Friday 29 Mar 2024
By
main news image

This article first appeared in The Edge Financial Daily, on May 3, 2016.

 

KUALA LUMPUR: As Megasteel Sdn Bhd, the country’s biggest hot-rolled coil (HRCs) producer and Lion Corp Bhd’s 79%-owned unit, sinks further into losses year after year, and is up to its ears in debt, some may get the impression that Tan Sri William Cheng was not doing anything or not doing enough to solve the problems of the steel unit.

But Cheng, the Lion Corp chairman and managing director, told The Edge Financial Daily in a recent interview that the only way to save the beleaguered steel entity is to invite an investor to inject new funds into the company.

And so, he has been talking with over 10 foreign parties in Asia alone — mainly from India, Japan, Korea and China — to find a white knight to help solve Megasteel’s woes.

However, most of the talks have remained just that: talks — as the numbers in the country’s steel industry just cannot convince them that their coming in will gain them any competitive advantage, said Cheng.

“We are still talking with some foreign parties. The fact is, if the Malaysian government does not protect the steel industry, foreigners will not be willing to invest in an industry that is not profitable when the steel manufacturing costs here are higher than China, amid an influx of cheap Chinese steel imports,” Cheng said.

If not for that, he said the potential investors have no problem in entering the Malaysian steel market, which is reminiscent of what he said since 2013.

“They also have positive feedback about us as we have good facilities and cost structure. The problem is just that we are losing competitiveness against China when the government refuses to offer protection,” he reiterated.

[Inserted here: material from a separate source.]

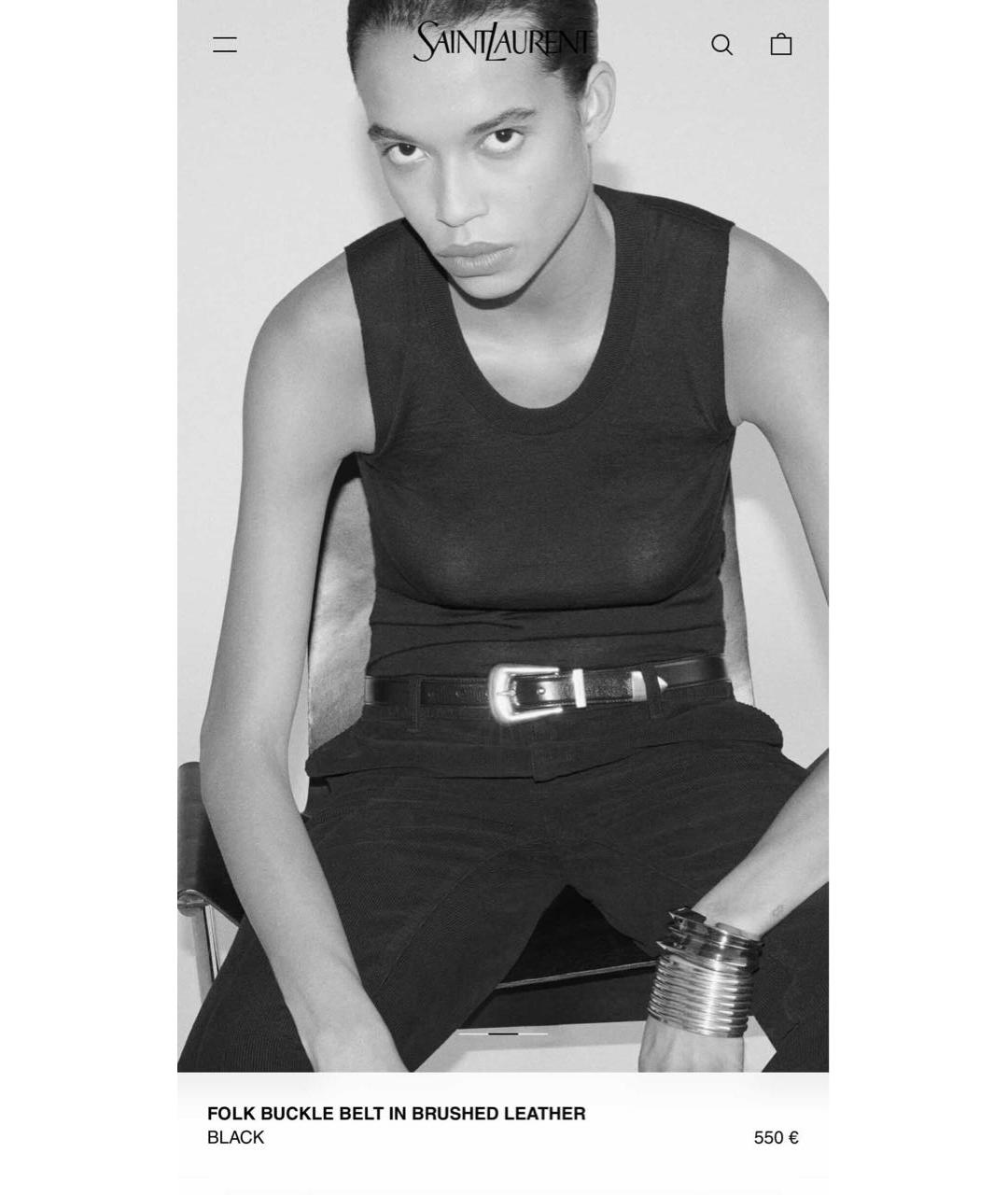 SAINT LAURENT Черный кожаный ремень, фото 5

He also noted that Malaysia’s steel manufacturing costs used to be one of the lowest in the Southeast Asian region. But today, hikes in electricity and gas tariffs have increased steel production costs in Malaysia.

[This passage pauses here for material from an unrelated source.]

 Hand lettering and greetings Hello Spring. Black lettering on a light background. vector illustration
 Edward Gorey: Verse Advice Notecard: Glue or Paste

Due to rising production costs, he indicated that the group is now using furnace or coal to produce steel. Hopefully, this can lower production costs, he said.

But no matter what’s said and done, he insisted that government protection remains the only way to stop steel makers from bleeding further.

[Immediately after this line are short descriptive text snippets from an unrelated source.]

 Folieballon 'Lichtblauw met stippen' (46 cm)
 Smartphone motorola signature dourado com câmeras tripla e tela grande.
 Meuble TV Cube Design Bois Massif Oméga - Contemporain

In many countries, he said, citing the United States, India, Indonesia, Thailand, and some in Europe, governments still impose protection measures to support the steel industry.

“Steel makers have experienced a downturn for six years now. Indeed, even Chinese steel makers are also making losses and need to sustain the business via side incomes,” he said.

On what has the government’s feedback been to the industry, he said, the government does not think the group “is injured”. “I don’t understand. We are making more than a billion losses a year, and we can’t even capture a market share of 10% or 20,000 tonnes of steel per month,” Cheng highlighted.

He also dismissed speculation that Megasteel, which had suffered RM1.24 billion in losses in the three years between 2012 and 2014 due to excessive cheap imports from China, benefits from a respectable margin.

Lion Corp, which slipped into Practice Note 17 status in November 2013, saw its accumulated net losses for the half year ended Dec 31, 2015 (1HFY16) widen to RM294.03 million, compared with RM209.24 million in the previous year. The group’s revenue for the period also halved to RM524.93 million, from RM1.08 billion a year ago.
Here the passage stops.